Interpositioning of neutral forces occurred prior to the establishment of the United Nations, whose embryonic peacekeeping role, using military observers, was in the Middle East in 1948. However, “peacekeeping” as a concept, commonly ascribed to former Canadian Foreign Minister Lester B. Pearson, began as a practice with UN Secretary-General Dag Hammarskjold. Although peacekeeping is not specifically mentioned in the UN Charter, Hammarskjold drew upon the principles enshrined therein to handle the Suez crisis in 1956. Although the United Nations set the precedent, the number of peacekeeping operations deployed by non-UN actors exceeds the number of UN operations between 1948 and 2007. Moreover, not all operations mandated through the United Nations have been under UN command. Large international organizations, such as the North Atlantic Treaty Organization (NATO), have at times acted on UN mandates as peacekeeping forces.

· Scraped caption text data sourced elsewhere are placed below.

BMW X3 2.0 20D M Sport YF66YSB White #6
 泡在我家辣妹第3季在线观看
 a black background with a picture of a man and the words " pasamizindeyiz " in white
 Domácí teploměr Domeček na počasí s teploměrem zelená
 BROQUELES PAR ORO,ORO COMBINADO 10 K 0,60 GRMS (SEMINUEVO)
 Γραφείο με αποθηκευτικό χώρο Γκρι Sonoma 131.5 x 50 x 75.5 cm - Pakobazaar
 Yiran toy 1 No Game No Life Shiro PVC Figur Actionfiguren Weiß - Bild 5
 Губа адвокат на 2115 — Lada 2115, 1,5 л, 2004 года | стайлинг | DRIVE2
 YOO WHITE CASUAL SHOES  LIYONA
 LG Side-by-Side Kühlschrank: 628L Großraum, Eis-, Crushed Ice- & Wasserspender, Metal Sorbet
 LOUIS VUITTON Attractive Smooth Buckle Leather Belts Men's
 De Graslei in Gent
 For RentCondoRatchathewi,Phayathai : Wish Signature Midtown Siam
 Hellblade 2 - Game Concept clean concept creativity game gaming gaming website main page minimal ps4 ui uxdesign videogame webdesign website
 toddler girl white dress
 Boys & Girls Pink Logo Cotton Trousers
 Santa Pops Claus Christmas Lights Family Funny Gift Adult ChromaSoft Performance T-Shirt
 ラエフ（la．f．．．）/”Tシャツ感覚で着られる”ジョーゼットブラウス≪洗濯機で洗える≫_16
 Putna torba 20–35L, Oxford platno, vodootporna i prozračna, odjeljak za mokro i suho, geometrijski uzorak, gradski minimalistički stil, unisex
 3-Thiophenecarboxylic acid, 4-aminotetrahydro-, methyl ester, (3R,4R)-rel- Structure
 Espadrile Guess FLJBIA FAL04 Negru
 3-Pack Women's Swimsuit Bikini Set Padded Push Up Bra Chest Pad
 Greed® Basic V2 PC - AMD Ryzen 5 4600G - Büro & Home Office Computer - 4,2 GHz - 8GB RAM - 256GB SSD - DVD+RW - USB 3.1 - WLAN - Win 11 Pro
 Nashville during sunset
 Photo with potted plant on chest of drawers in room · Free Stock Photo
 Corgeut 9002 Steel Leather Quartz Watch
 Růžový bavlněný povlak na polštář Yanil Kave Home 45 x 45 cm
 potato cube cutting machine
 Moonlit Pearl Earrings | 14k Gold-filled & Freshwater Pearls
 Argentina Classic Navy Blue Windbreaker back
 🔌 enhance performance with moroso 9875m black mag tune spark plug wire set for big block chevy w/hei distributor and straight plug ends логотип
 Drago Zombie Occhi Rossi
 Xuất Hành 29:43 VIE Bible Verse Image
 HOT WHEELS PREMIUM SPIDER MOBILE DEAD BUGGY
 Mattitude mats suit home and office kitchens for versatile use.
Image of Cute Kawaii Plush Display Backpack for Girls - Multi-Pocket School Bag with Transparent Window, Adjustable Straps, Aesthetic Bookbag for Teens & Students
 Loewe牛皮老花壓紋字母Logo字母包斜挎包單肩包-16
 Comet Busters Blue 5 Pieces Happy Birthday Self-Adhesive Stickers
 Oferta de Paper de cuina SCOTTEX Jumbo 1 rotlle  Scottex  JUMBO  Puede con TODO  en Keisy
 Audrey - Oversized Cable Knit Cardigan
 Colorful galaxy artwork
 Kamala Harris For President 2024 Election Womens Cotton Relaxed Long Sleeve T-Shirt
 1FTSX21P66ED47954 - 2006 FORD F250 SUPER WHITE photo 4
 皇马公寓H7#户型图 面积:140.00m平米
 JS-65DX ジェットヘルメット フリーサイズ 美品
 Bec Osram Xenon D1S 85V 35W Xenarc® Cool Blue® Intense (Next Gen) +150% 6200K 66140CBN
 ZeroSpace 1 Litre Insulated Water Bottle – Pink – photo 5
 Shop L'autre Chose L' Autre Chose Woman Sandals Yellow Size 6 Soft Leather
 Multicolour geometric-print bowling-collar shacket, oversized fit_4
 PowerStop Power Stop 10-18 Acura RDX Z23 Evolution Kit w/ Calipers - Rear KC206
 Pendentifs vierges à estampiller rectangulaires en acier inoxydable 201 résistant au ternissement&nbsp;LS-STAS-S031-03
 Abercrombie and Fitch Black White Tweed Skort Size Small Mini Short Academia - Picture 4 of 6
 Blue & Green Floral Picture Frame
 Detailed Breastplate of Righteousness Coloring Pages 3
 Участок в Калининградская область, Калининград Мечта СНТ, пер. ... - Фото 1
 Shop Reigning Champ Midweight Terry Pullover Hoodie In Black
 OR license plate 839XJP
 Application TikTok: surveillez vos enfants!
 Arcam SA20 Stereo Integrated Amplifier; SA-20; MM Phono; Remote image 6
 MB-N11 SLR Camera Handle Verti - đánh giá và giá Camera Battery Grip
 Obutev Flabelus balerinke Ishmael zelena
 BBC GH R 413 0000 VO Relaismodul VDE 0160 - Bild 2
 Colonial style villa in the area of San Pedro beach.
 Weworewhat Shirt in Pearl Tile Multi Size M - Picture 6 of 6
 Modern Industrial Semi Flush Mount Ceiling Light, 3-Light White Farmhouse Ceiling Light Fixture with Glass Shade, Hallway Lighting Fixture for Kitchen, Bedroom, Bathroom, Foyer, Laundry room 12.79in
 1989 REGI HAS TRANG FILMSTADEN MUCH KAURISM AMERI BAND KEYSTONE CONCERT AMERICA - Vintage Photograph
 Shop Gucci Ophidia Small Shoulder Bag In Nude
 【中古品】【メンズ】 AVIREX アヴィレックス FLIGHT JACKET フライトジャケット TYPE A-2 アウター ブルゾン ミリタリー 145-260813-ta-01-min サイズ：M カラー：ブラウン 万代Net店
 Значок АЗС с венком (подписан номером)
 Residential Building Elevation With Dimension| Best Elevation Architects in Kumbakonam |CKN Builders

With few exceptions, operations prior to 1988 were by third-party military contingents, with the majority of interventions handling interstate conflicts by deploying troops to oversee a ceasefire or truce. With the end of the cold war and the increased focus on war-affected populations, peacekeeping operations in new conflict regions entailed additional mandates to handle the social problems created by conflict. Humanitarian emergencies, human rights abuses— including those of women’s rights and children’s rights—and civilian protection increasingly became questions of international peace and security. Ironically, with the widening of the mandate, more unintended consequences of the operation followed, and the media increasingly brought attention to the problems that peacekeeping in itself can create for the local population.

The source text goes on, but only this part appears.